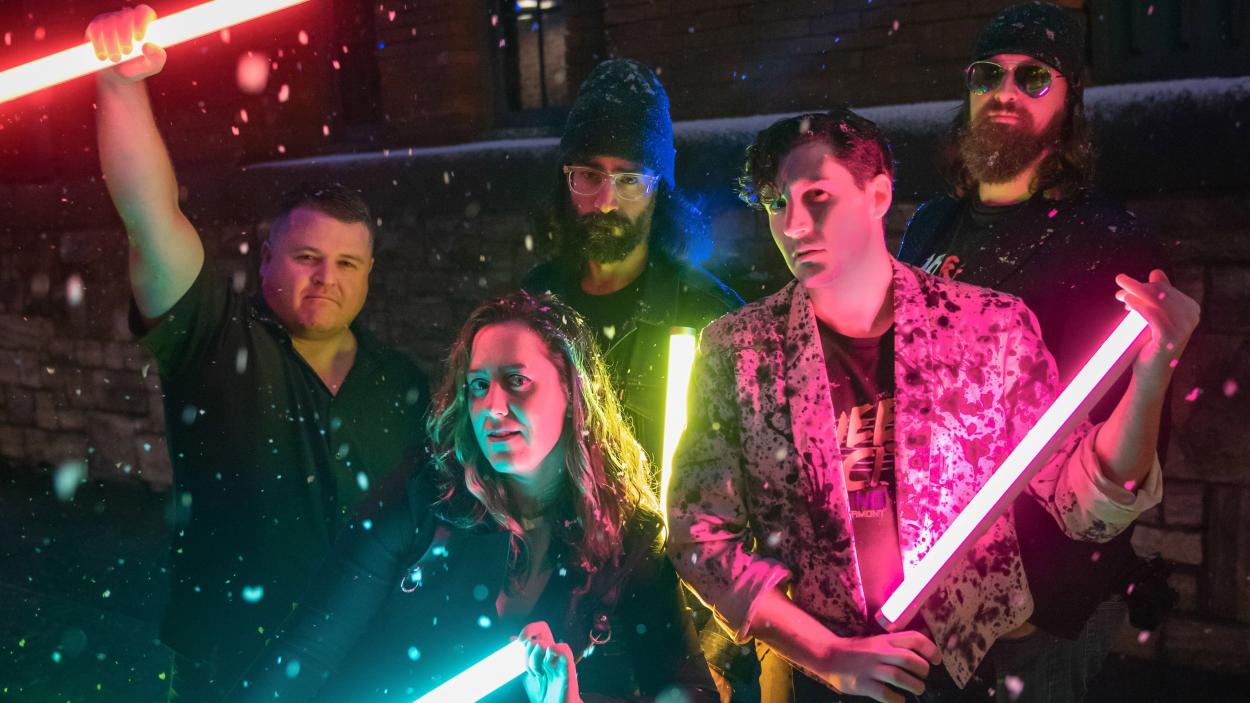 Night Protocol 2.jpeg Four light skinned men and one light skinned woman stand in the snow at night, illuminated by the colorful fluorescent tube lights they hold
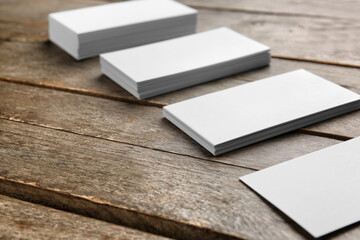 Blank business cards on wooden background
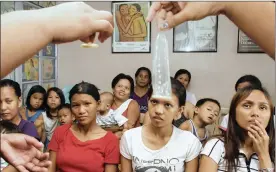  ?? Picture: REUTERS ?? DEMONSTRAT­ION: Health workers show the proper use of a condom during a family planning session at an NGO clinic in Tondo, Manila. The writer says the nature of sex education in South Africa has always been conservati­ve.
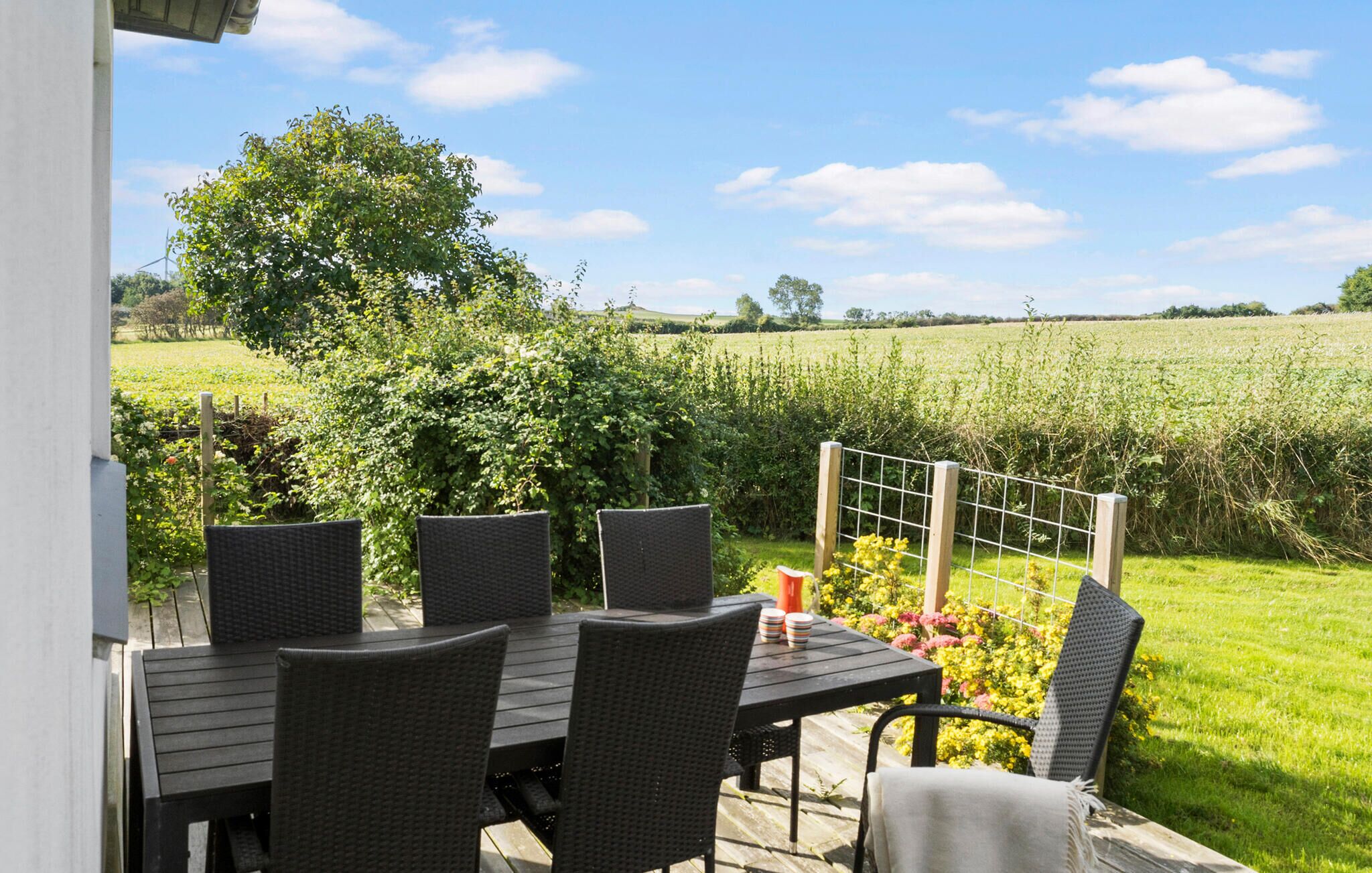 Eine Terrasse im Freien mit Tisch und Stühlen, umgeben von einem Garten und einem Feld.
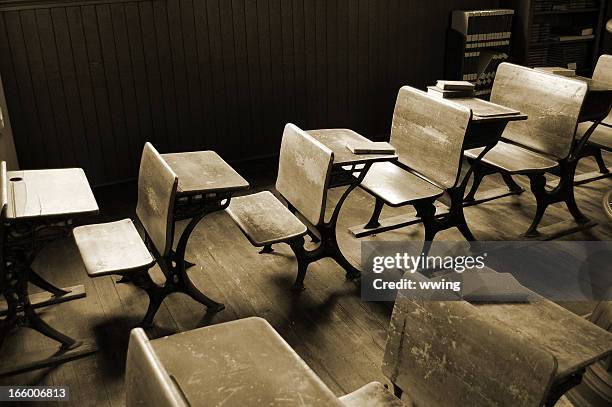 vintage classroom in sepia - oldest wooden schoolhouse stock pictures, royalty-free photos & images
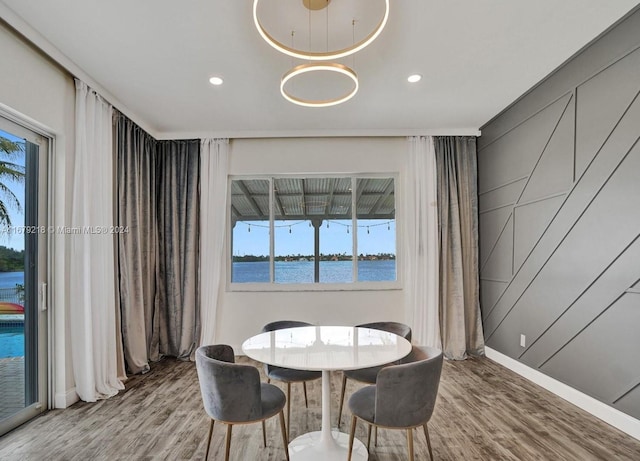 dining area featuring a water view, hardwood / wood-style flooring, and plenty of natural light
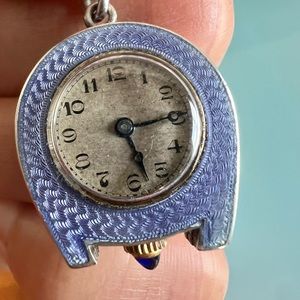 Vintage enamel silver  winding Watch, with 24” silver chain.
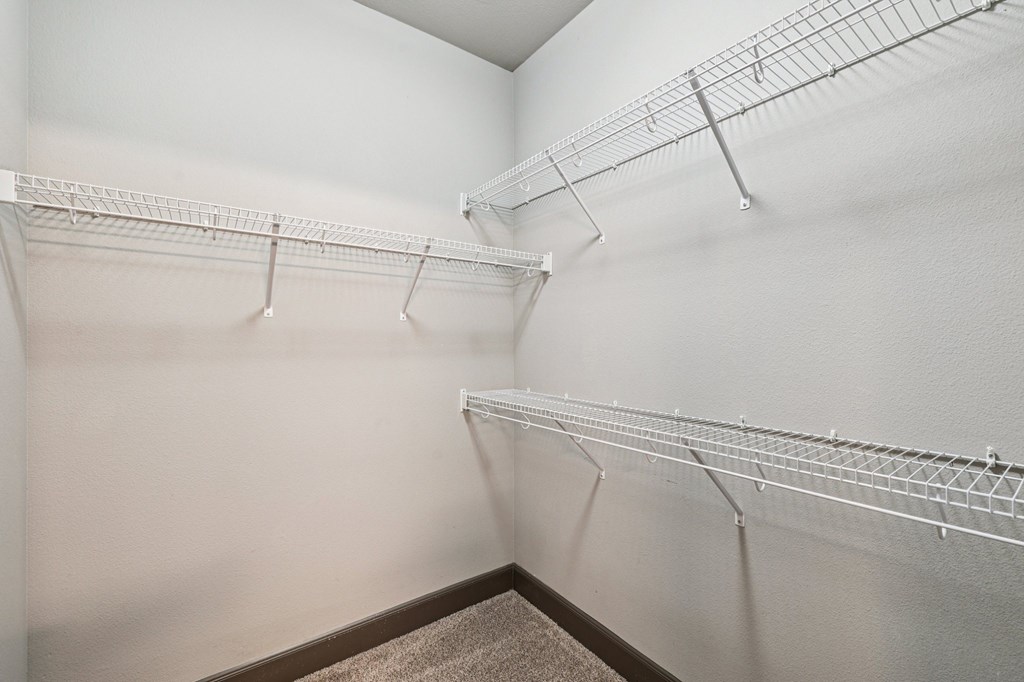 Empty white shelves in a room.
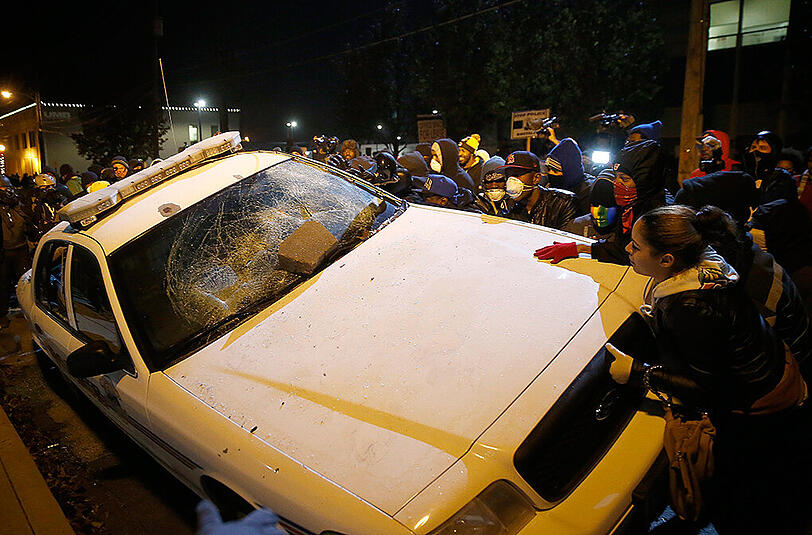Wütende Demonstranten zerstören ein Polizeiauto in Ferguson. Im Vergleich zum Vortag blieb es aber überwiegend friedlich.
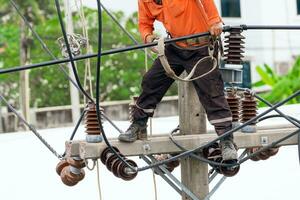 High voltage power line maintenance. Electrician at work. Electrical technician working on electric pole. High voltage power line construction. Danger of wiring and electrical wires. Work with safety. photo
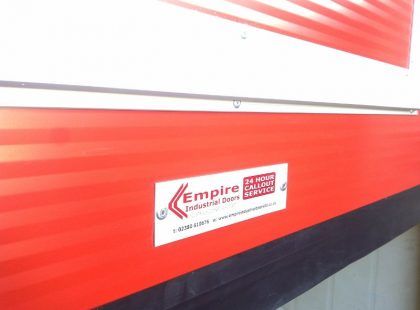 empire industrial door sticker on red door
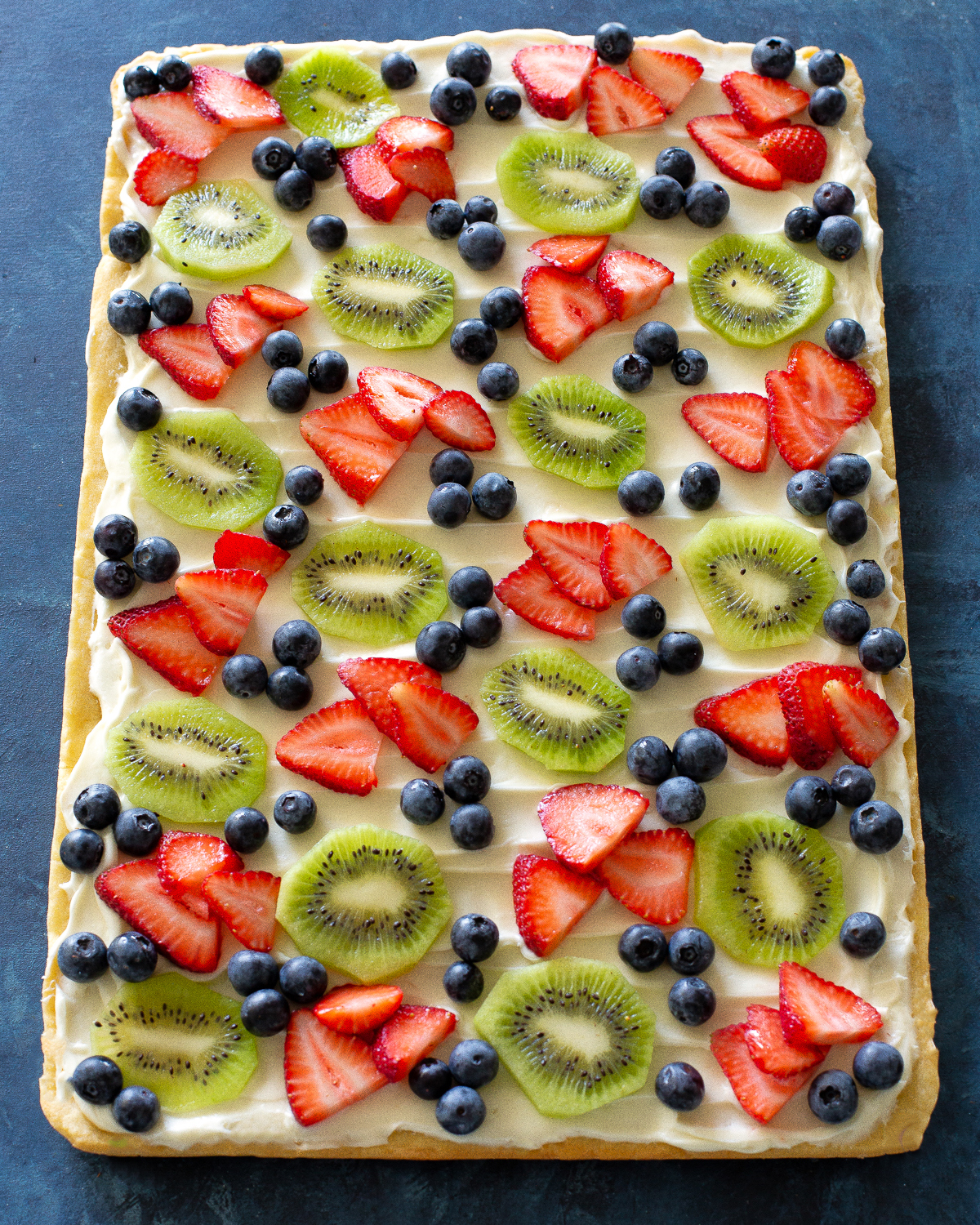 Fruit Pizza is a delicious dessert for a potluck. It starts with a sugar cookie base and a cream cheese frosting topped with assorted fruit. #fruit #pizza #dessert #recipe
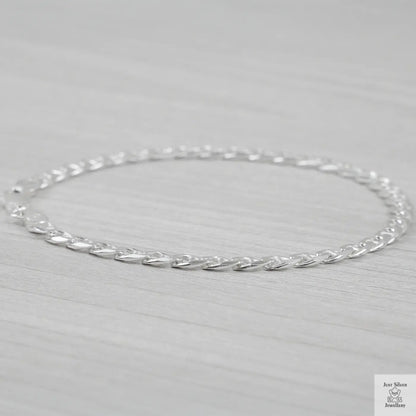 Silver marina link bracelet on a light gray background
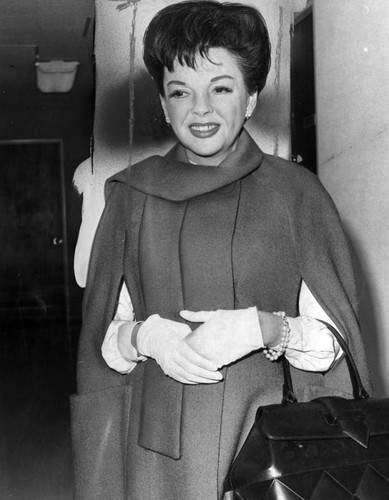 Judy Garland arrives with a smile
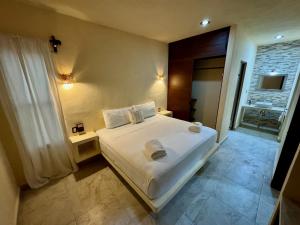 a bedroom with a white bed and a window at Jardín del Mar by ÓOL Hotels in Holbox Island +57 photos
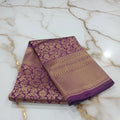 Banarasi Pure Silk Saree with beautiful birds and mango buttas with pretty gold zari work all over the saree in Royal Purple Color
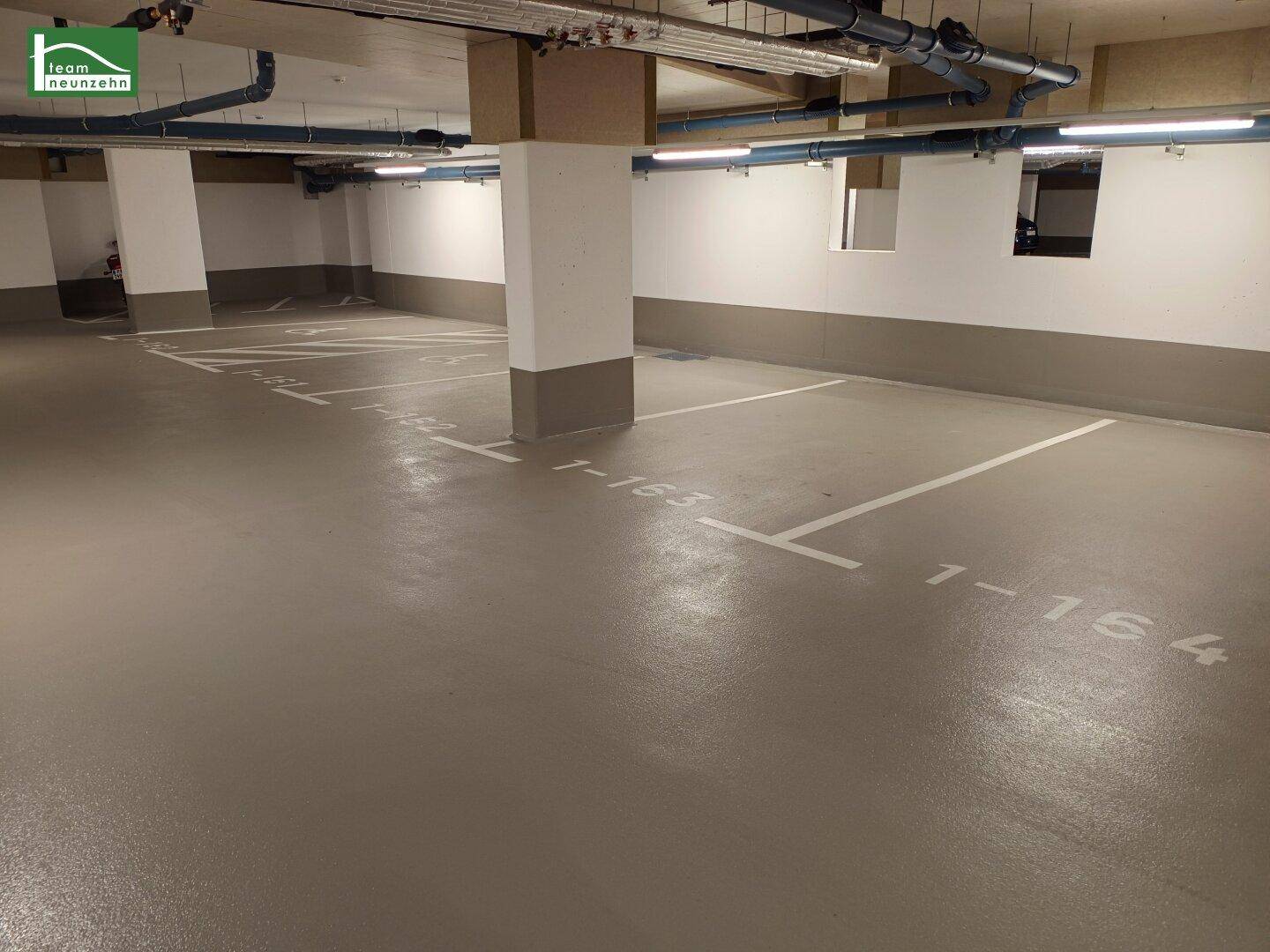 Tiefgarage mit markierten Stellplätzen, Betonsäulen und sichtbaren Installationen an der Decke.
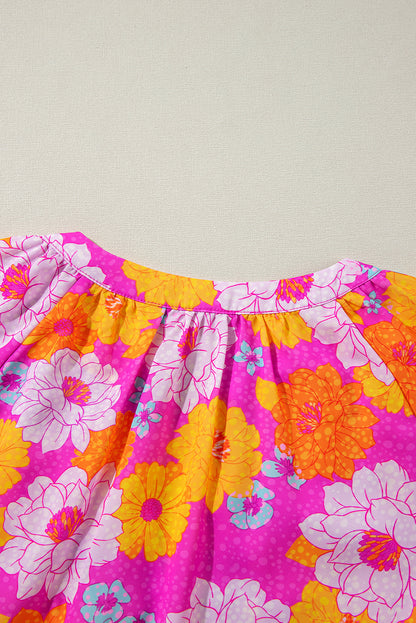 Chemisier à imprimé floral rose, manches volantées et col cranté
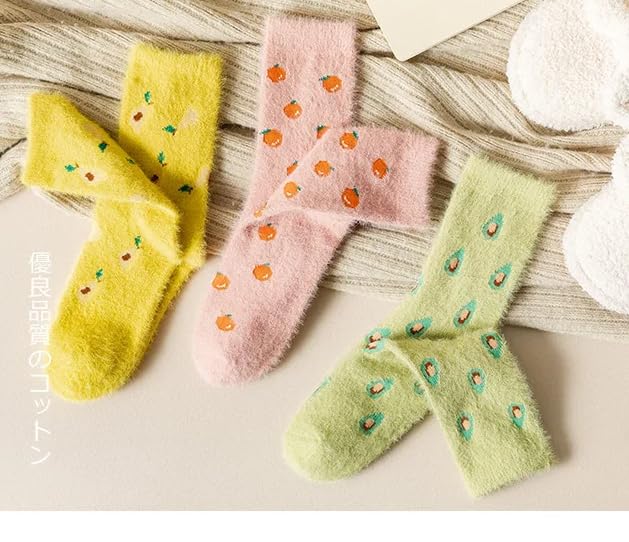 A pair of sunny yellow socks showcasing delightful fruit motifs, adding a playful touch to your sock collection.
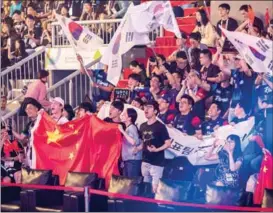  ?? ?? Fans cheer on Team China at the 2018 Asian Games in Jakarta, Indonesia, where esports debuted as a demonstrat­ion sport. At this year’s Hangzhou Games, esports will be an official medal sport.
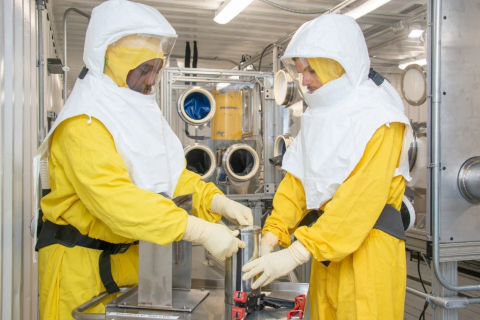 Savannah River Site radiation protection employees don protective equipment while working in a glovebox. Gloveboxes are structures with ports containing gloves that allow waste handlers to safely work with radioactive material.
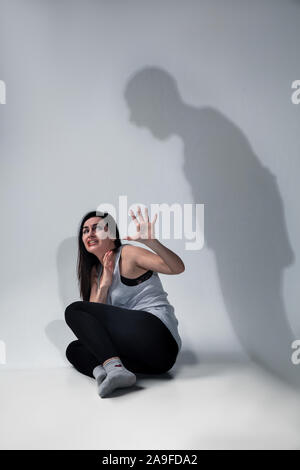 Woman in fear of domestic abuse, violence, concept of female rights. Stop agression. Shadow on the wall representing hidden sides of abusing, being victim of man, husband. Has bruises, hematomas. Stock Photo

**EXERCISE OBJECTIVE**
Within the listing above, the lines starting at the one containing "Empty white shelves in a room." and ending at the one containing "High voltage power line maintenance." are to be returned exactly. Omit the pictures.

**COMPLETED TASK**
 Empty white shelves in a room.
Wütende Demonstranten zerstören ein Polizeiauto in Ferguson. Im Vergleich zum Vortag blieb es aber überwiegend friedlich.
 High voltage power line maintenance. Electrician at work. Electrical technician working on electric pole. High voltage power line construction. Danger of wiring and electrical wires. Work with safety. photo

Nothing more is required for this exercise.